___ Available data ___
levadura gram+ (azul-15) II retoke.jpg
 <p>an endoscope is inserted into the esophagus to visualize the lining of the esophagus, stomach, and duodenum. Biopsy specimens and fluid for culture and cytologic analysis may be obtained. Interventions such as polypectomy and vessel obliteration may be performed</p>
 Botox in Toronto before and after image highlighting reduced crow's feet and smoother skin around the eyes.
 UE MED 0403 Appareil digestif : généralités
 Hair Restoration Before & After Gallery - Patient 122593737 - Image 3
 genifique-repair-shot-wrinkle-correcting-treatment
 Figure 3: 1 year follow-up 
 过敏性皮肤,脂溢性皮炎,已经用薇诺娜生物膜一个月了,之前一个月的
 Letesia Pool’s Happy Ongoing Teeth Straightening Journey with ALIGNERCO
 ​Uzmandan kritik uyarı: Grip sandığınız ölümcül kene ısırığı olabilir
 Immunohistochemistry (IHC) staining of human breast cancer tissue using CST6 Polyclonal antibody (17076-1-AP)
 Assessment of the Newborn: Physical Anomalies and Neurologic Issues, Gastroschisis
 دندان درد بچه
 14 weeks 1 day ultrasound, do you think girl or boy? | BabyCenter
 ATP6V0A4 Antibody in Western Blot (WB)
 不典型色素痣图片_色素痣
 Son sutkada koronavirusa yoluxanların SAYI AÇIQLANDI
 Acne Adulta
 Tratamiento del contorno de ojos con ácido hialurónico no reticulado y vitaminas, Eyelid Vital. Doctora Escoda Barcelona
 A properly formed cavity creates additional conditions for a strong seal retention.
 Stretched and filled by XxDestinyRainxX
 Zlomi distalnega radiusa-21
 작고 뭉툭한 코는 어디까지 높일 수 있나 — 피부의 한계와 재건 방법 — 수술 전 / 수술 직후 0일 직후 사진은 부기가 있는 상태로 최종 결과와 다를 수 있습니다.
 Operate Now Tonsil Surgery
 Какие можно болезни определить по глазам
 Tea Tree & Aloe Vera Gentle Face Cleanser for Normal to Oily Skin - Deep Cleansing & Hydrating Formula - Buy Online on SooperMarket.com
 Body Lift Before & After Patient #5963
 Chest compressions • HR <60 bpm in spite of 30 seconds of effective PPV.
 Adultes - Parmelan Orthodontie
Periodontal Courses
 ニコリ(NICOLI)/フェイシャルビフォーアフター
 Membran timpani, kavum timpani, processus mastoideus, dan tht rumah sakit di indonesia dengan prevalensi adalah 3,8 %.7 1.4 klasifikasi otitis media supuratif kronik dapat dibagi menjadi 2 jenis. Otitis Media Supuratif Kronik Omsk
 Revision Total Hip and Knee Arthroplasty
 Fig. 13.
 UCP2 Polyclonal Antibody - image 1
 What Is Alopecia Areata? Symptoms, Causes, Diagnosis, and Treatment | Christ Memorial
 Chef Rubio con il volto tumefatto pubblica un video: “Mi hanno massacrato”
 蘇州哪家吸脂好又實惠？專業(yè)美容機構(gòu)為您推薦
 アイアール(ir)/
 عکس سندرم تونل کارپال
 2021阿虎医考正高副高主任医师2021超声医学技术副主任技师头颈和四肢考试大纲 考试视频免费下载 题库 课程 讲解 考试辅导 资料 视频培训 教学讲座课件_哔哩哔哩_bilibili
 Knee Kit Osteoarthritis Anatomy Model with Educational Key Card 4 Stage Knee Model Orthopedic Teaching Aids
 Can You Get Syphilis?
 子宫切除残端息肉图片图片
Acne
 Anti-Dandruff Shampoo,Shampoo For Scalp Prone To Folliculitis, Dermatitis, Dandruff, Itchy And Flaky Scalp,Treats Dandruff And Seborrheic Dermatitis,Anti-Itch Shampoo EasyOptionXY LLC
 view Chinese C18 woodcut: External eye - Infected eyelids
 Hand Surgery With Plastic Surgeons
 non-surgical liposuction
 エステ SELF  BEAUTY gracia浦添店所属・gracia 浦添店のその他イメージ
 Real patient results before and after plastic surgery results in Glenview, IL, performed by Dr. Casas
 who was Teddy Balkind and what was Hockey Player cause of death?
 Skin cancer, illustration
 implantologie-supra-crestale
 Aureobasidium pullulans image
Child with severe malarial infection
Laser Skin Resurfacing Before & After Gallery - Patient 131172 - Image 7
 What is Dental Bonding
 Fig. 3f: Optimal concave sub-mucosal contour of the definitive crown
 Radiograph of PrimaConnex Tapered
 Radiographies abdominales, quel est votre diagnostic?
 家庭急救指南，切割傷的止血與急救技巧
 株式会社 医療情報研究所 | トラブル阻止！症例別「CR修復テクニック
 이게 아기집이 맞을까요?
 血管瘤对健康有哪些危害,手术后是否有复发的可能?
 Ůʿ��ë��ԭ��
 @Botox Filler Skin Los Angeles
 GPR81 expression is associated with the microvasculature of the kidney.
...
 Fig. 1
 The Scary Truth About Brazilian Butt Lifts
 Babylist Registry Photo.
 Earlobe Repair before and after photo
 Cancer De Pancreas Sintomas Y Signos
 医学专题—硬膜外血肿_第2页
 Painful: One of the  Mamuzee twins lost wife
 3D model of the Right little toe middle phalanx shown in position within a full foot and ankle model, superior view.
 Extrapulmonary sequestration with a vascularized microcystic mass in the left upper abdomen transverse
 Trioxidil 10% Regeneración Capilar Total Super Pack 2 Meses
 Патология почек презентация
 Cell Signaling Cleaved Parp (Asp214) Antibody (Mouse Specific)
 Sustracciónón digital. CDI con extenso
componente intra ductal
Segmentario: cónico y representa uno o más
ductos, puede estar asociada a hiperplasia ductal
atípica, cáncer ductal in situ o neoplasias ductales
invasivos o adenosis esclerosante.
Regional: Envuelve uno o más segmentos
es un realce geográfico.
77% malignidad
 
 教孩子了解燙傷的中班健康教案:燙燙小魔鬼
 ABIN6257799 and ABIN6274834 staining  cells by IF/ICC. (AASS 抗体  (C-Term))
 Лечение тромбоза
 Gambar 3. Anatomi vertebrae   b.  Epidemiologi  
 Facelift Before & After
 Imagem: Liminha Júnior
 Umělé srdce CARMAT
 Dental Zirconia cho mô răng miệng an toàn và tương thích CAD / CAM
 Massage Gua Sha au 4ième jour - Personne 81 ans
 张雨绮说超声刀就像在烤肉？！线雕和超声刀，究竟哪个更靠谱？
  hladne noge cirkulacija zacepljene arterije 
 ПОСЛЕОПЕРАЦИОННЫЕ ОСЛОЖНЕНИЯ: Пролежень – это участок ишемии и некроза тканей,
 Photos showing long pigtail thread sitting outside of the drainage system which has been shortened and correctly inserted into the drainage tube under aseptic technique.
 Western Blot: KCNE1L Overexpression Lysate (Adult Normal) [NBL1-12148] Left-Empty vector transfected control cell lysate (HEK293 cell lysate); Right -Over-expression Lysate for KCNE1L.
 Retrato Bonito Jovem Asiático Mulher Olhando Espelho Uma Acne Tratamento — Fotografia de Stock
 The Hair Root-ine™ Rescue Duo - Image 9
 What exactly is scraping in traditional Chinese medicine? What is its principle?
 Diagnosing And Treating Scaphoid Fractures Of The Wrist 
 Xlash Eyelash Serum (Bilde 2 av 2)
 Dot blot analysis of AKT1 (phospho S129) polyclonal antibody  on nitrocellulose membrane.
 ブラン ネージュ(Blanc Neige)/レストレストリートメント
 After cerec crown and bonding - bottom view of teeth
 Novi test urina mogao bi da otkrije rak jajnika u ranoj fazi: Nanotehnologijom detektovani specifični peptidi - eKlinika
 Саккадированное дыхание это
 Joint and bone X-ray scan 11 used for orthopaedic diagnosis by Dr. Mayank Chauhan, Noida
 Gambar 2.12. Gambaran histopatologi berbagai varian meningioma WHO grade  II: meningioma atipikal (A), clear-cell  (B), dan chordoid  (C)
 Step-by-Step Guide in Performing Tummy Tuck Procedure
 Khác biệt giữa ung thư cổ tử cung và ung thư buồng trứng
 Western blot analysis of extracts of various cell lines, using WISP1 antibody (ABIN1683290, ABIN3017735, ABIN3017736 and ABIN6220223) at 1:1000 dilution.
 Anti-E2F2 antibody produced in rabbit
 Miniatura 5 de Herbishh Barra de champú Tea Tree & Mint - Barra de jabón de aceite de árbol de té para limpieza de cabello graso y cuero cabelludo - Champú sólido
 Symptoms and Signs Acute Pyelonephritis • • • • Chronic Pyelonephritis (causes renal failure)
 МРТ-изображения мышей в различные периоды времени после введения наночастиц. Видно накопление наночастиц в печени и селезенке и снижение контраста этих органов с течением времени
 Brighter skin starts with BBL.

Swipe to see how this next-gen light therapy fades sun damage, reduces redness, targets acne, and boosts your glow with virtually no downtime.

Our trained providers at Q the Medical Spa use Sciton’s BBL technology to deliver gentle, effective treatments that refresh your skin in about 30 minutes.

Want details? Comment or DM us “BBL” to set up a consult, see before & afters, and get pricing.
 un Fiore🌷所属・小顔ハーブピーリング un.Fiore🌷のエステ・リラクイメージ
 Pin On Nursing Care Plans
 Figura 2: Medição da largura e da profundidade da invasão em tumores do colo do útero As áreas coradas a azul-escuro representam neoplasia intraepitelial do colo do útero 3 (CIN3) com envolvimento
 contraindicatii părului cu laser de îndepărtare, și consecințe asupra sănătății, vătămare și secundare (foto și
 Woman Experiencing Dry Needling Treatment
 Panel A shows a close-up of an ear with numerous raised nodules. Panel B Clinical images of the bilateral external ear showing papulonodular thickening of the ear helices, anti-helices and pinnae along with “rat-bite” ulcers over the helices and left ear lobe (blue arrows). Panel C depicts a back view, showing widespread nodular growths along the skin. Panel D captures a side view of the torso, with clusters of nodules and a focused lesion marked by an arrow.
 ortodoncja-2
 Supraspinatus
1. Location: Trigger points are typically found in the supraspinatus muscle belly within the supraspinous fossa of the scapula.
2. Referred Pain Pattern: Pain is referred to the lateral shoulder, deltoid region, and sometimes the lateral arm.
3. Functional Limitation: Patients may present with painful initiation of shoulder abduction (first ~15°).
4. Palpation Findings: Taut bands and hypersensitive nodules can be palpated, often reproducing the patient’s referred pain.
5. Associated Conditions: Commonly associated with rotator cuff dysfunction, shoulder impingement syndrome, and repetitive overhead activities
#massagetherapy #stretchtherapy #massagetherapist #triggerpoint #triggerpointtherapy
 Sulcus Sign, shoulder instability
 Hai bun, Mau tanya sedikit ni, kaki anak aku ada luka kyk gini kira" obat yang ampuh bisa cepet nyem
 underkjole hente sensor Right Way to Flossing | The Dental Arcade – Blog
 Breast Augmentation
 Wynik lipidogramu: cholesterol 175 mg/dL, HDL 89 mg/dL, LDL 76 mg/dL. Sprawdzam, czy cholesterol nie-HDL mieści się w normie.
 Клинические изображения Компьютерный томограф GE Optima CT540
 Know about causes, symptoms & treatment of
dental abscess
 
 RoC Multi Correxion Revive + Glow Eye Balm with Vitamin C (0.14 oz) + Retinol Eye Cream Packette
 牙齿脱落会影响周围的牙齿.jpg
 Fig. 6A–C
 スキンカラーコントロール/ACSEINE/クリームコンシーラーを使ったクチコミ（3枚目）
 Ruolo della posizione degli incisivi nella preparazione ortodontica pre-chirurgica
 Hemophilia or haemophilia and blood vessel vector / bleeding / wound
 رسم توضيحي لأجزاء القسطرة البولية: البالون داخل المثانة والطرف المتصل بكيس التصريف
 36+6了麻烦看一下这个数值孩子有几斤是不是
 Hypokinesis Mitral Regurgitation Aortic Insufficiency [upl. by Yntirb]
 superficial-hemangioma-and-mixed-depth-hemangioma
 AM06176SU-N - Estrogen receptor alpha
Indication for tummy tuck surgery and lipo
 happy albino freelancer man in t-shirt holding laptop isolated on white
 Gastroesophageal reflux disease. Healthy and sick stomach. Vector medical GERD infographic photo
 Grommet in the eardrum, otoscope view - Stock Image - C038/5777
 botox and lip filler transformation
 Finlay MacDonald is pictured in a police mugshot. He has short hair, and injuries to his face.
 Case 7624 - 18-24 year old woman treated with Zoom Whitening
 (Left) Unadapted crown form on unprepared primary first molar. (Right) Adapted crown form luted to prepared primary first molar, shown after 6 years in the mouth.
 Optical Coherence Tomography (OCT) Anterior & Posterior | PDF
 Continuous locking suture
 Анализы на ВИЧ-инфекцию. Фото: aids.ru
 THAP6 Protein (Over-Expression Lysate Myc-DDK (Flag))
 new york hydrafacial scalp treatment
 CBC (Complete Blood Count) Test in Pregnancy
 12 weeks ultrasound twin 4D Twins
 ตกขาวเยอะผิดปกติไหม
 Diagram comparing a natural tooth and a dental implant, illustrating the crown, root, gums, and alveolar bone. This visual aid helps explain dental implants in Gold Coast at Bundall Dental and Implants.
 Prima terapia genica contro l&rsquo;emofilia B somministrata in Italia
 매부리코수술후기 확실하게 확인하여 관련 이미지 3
___
> Task description: Restate word for word the entries above, starting at the line with "Imagem: Liminha Júnior" and ending at the line with "What exactly is", inclusive, and no others.

> Output of the exercise:
 Imagem: Liminha Júnior
 Umělé srdce CARMAT
 Dental Zirconia cho mô răng miệng an toàn và tương thích CAD / CAM
 Massage Gua Sha au 4ième jour - Personne 81 ans
 张雨绮说超声刀就像在烤肉？！线雕和超声刀，究竟哪个更靠谱？
  hladne noge cirkulacija zacepljene arterije 
 ПОСЛЕОПЕРАЦИОННЫЕ ОСЛОЖНЕНИЯ: Пролежень – это участок ишемии и некроза тканей,
 Photos showing long pigtail thread sitting outside of the drainage system which has been shortened and correctly inserted into the drainage tube under aseptic technique.
 Western Blot: KCNE1L Overexpression Lysate (Adult Normal) [NBL1-12148] Left-Empty vector transfected control cell lysate (HEK293 cell lysate); Right -Over-expression Lysate for KCNE1L.
 Retrato Bonito Jovem Asiático Mulher Olhando Espelho Uma Acne Tratamento — Fotografia de Stock
 The Hair Root-ine™ Rescue Duo - Image 9
 What exactly is scraping in traditional Chinese medicine? What is its principle?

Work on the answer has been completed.